Pay-Per-View For The Masses, Says Warner Bros. In Big MSO Pitch

Warner Bros, has launched a new campaign to persuade more cable subscribers to buy films on pay-per-view.

Ed Bleier, president of pay-tv, animation and network features at Warner Bros., last week outlined the pitch he’s delivered to most of the large multisystem owners based on a study of the 11 cable systems that rack up the biggest bucks from p-p-v.

The most important common denominator among these 11 systems is that they’re “devoting as many as four channels to p-p-v, so movie offerings can be made available more frequently and more conveniently,” Bleier said at his press conference here. The Warners’ study parallels national buy-rate estimates that show two-channel systems doing twice as well as those with one p-p-v channel and three-channel ones doing almost three times as well.

Bleier said that his research dug up other factors common to successful systems, among them:

* The best scheduling is the simplest. One or more “continuous hits” channels would run the same big-grossing film 24 hours a day for at least one full week.

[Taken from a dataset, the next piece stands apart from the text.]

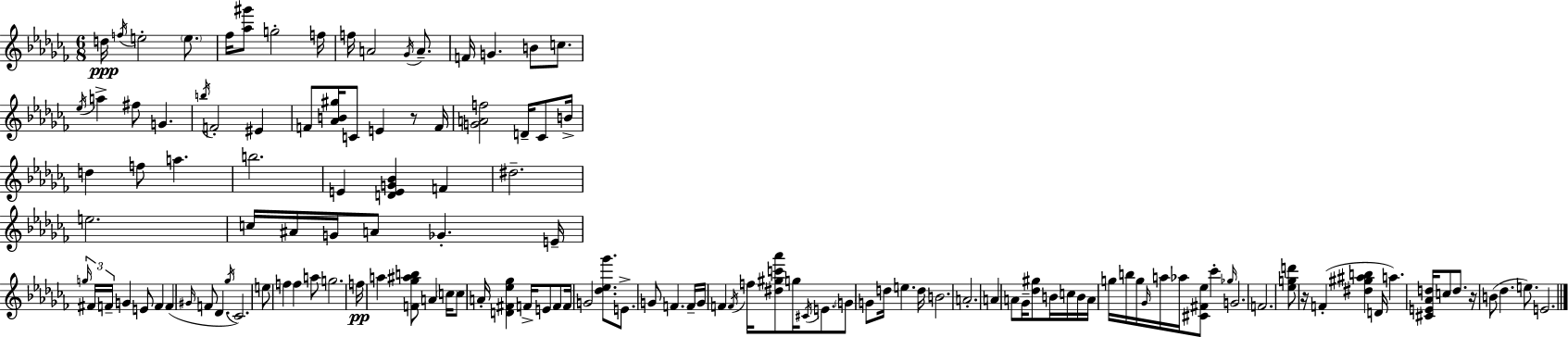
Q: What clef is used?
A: treble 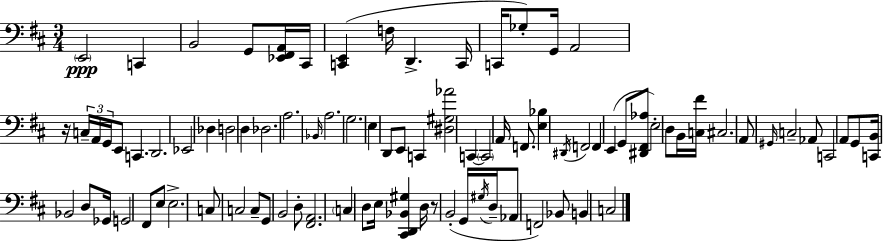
E2/h C2/q B2/h G2/e [Eb2,F#2,A2]/s C#2/s [C2,E2]/q F3/s D2/q. C2/s C2/s Gb3/e G2/s A2/h R/s C3/s A2/s G2/s E2/e C2/q. D2/h. Eb2/h Db3/q D3/h D3/q Db3/h. A3/h. Bb2/s A3/h. G3/h. E3/q D2/e E2/e C2/q [D#3,G#3,Ab4]/h C2/q C2/h A2/s F2/e. [E3,Bb3]/q D#2/s F2/h F2/q E2/q G2/e [D#2,F#2,Ab3]/e E3/h D3/e B2/s [C3,F#4]/s C#3/h. A2/e G#2/s C3/h Ab2/e C2/h A2/e G2/e [C2,B2]/s Bb2/h D3/e Gb2/s G2/h F#2/e E3/e E3/h. C3/e C3/h C3/e G2/e B2/h D3/e [F#2,A2]/h. C3/q D3/e E3/s [C#2,D2,Bb2,G#3]/q D3/s R/e B2/h G2/s G#3/s D3/s Ab2/e F2/h Bb2/e B2/q C3/h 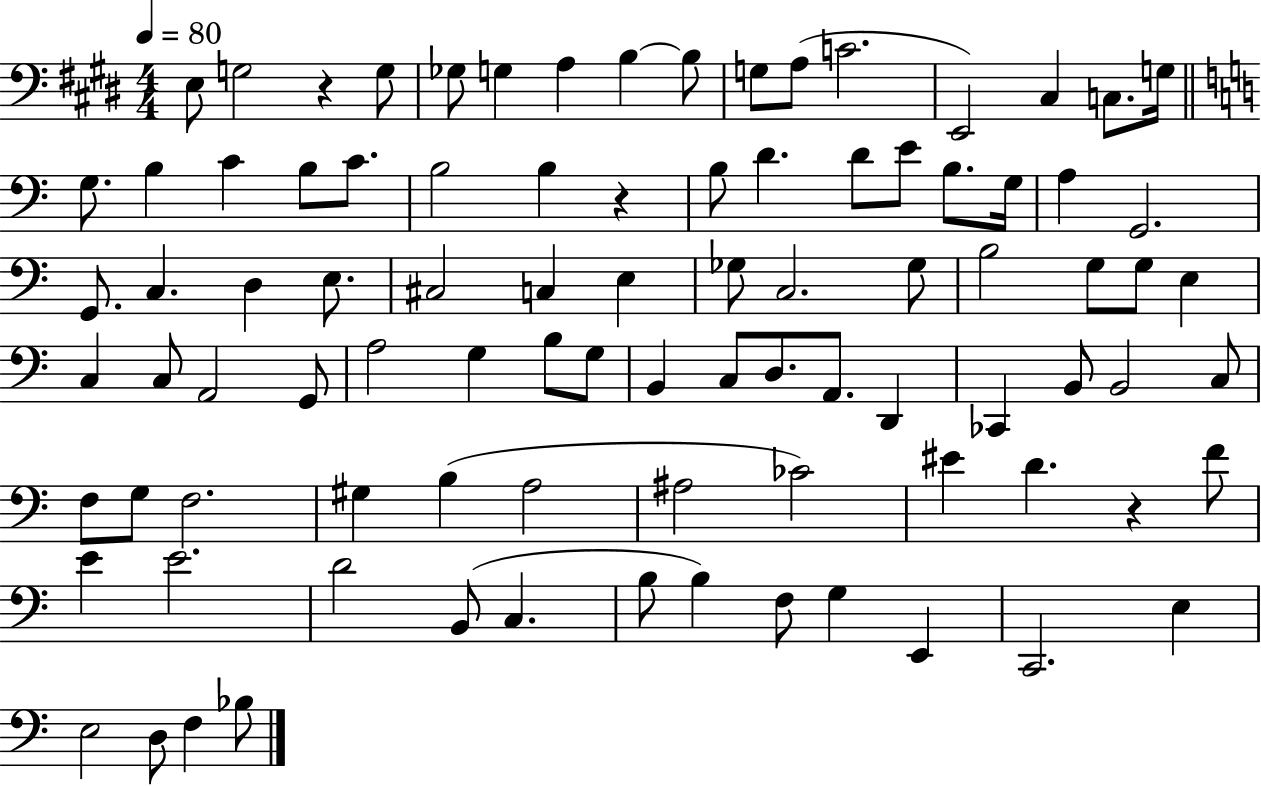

* The ideal system hires at least one full-time executive to do nothing but focus on p-p-v.

* The viewer needs to be able to order a film easily, preferably by just punching up a number on his phone. When the cable system forces the viewer to remember personal-access codes and multi-digit movie numbers, it’s inviting him to bypass p-p-v and rent newer theatricals from the local video store.

* A 24-hour barker channel should be constantly promoting p-p-v films and events. And the cable system should schedule lots of 30-second spots for p-p-v in the local adjacencies it gets from all of the basic-cable networks.

* The two biggest p-p-v networks – Viewer’s Choice and Request Television – “are the problem, not the solution,” according to Bleier. “They’re geared to the ideology of their owners, not to getting the best results” from their subscribers. Stand-alone systems that side step the middlemen and instead deal directly with the film companies have better buy-rates than systems tied to V.C. and Request, he said.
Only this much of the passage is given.